● DATA SEGMENT:
__________
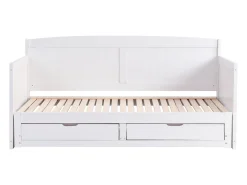 Divã de solteiro com gavetas, 90 x 190 ou 180 x 190 cm, em pinho e MDF branco - DINIVA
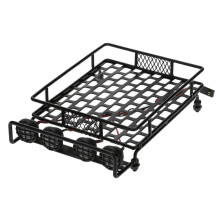 RC Crawler Metal Roof Rack Luggage Carrier with White Light Lamps for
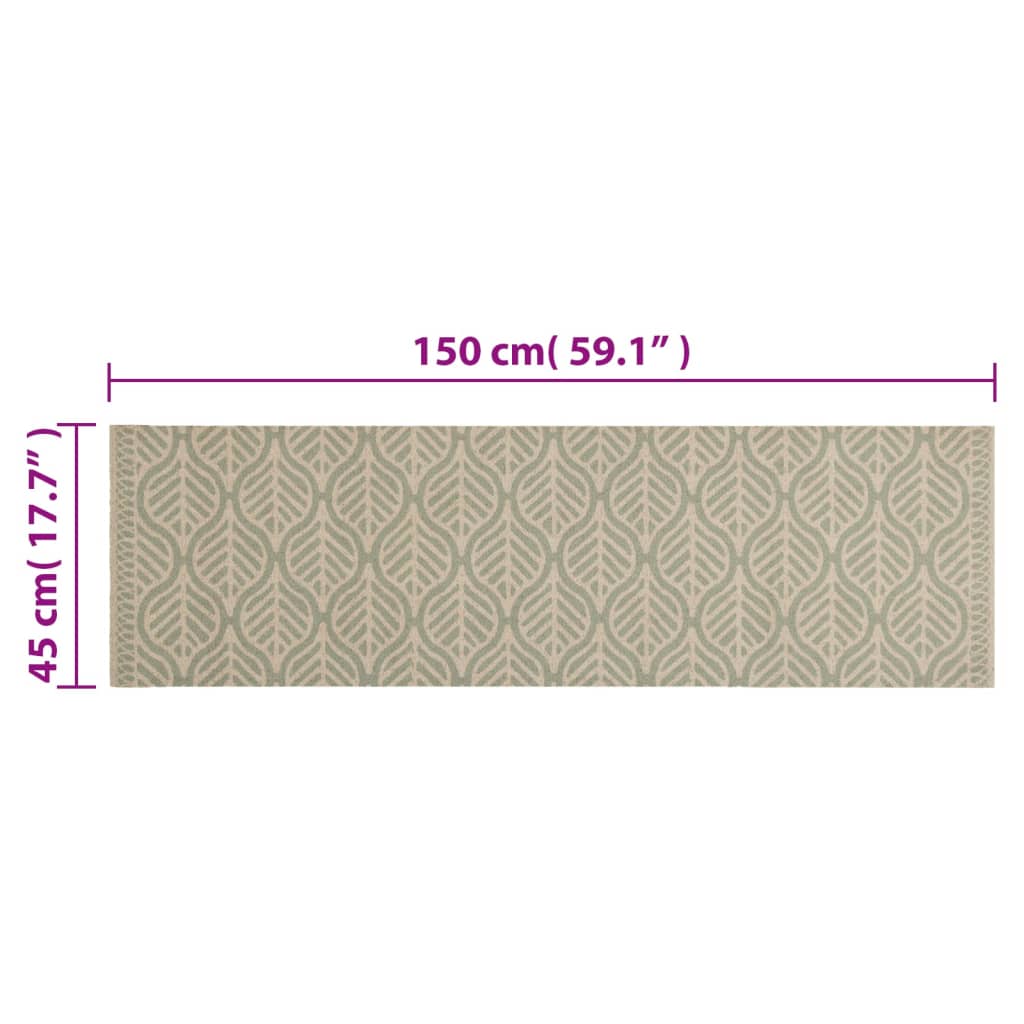 Keukenmat wasbaar bladprint 45x150 cm fluweel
__________
● THE TASK: Restate the listing word for word and drop the pictures.

● RESPONSE:
 Divã de solteiro com gavetas, 90 x 190 ou 180 x 190 cm, em pinho e MDF branco - DINIVA
 RC Crawler Metal Roof Rack Luggage Carrier with White Light Lamps for
 Keukenmat wasbaar bladprint 45x150 cm fluweel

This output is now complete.